In early September, my wife and I applied for one of the D.C. government’s Renewable Energy Incentive Program grants to install solar panels on our house in Petworth. At the time, the District was justifiably proud of its program, which used dedicated taxes on energy companies to provide money for homeowners who went solar—an incentive that made it possible for an otherwise impossibly expensive solar panel system to pay for itself within five or six years, making solar energy an option for people who can’t afford to lose money on green technology just because it’s green.
That program is basically kaput now, a victim of the District’s budget crisis. Some people who were told they’d get the grant installed solar panels only to find out they weren’t actually getting the money. (Luckily, we decided to wait until the grant came through before we went ahead with the installation, which we now probably won’t do.) But it’s still frustrating that a program that existed when we applied has effectively been killed while our application was pending, without ever getting much in the way of a response from the District Department of the Environment, which administers the grants.

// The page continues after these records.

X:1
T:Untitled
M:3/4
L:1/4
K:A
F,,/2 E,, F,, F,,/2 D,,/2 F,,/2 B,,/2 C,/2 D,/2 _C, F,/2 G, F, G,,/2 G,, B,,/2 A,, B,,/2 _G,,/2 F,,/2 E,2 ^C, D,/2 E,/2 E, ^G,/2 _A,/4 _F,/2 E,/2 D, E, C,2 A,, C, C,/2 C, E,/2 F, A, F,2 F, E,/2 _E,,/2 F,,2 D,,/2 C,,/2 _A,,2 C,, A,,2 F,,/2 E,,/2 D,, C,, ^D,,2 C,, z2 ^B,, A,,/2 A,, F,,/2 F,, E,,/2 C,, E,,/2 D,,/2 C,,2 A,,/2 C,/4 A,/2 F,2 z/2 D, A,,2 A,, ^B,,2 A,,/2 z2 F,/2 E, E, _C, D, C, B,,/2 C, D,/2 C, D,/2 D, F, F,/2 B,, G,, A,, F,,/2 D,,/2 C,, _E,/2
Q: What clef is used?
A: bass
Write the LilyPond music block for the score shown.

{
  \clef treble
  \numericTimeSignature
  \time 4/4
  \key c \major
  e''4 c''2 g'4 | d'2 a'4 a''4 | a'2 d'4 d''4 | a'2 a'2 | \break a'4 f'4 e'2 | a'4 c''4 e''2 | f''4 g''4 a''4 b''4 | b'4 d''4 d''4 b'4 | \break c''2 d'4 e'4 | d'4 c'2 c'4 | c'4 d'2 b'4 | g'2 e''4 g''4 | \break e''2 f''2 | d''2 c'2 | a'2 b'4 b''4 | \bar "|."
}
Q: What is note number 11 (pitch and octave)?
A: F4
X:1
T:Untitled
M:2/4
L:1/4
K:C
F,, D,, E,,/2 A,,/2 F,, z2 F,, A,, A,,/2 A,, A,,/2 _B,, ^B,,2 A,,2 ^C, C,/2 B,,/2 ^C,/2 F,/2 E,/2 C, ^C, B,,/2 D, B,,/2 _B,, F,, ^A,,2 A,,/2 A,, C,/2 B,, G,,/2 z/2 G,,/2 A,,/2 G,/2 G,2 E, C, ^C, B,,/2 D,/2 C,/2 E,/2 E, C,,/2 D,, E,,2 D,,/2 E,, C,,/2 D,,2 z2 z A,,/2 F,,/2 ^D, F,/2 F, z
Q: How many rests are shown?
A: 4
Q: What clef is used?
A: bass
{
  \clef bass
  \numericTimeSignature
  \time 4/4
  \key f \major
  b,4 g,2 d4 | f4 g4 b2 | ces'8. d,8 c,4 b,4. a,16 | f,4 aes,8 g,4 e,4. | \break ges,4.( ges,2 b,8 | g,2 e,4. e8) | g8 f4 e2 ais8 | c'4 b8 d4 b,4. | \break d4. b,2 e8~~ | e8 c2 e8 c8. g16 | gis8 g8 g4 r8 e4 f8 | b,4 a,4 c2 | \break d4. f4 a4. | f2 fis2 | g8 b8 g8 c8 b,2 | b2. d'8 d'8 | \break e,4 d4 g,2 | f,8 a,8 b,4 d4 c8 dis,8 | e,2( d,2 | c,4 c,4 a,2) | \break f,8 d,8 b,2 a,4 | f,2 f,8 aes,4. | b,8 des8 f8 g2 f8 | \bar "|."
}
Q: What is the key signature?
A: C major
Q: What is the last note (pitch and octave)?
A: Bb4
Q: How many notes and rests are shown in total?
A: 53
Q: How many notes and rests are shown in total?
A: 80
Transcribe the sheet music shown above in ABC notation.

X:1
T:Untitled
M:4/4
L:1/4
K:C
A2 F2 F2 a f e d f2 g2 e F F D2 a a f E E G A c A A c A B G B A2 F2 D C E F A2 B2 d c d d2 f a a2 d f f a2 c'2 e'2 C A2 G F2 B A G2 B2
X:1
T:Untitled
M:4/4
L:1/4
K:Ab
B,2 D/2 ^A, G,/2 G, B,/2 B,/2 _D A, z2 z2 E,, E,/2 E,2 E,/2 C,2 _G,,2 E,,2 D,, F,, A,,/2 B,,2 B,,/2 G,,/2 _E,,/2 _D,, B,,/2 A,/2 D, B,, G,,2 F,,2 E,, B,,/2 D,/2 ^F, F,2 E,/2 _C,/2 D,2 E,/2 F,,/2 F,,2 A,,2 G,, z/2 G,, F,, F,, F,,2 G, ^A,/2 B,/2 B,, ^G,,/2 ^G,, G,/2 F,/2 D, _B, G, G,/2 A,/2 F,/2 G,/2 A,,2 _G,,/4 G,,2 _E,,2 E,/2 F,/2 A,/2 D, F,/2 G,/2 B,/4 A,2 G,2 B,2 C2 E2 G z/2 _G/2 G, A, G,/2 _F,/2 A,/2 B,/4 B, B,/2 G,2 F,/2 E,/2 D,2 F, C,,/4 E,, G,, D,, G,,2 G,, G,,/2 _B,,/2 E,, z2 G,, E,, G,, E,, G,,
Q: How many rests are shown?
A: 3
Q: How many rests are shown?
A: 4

As Washington Business Journal‘s Michael Neibauer notes, the Gray administration has found the $700,000 or so needed to pay back the people whose checks were promised, but never delivered. But because of the budget crunch, far fewer people in the District will be going solar, which is a setback for renewable energy.
So I was not particularly thrilled to receive a self-congratulatory e-mail newsletter from DDOE today in my personal Gmail, an address the department has because I used it to apply for the grant.
Titled “Foliage,” the newsletter includes a blurb from Mayor Vince Gray, boasting about all the green things D.C. is doing:
The District is already an environmental leader on a number of fronts, and we’re excited to do more. We lead the country in the number of green buildings per capita. We have reduced disposable bag use by more than 60% in just one year and now see our residents toting reusable bags all across town. And, 50% of the electric power used in District Government facilities comes from renewable sources, making us the 3rd largest municipal consumer of renewable power in the US EPA Green Power Partners program.
E-mail obviously doesn’t cost much to send out, but still—maybe the city shouldn’t be bragging about how green it is, right after it killed one of the centerpieces of its environmental policy?